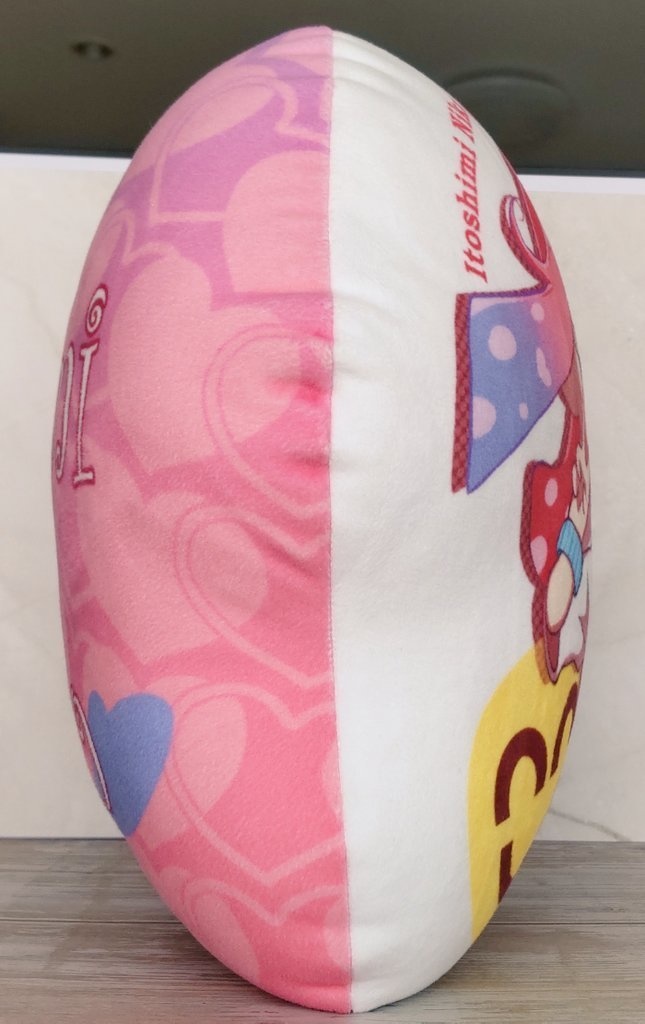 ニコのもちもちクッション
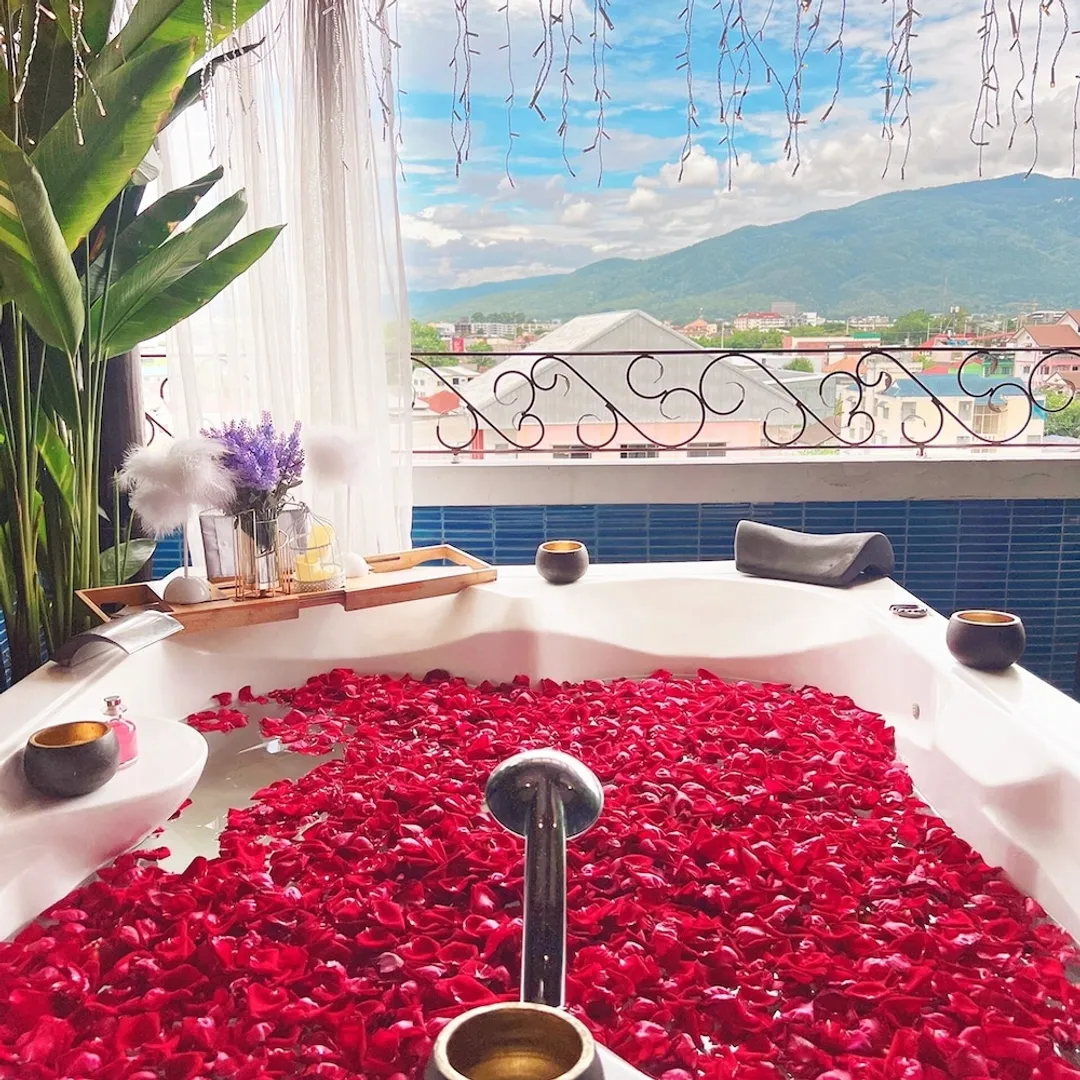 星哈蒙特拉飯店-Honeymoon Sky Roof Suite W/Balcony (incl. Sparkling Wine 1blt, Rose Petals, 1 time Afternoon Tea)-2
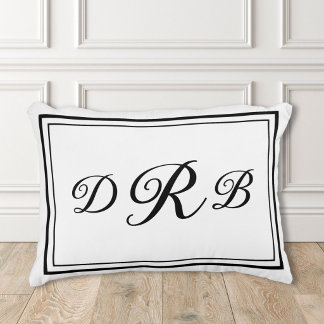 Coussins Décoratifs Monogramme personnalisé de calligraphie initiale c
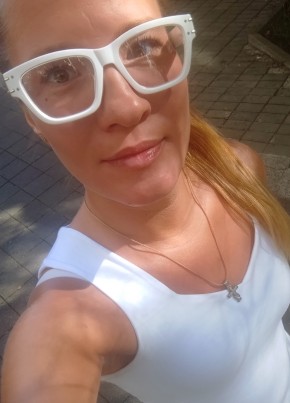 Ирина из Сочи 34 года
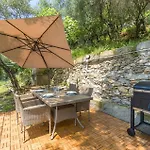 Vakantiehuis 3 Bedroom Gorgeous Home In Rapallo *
————
### THE TASK
Output the data above in full. Skip every picture.

### FINAL ANSWER
 ニコのもちもちクッション
 星哈蒙特拉飯店-Honeymoon Sky Roof Suite W/Balcony (incl. Sparkling Wine 1blt, Rose Petals, 1 time Afternoon Tea)-2
 Coussins Décoratifs Monogramme personnalisé de calligraphie initiale c
 Ирина из Сочи 34 года
 Vakantiehuis 3 Bedroom Gorgeous Home In Rapallo *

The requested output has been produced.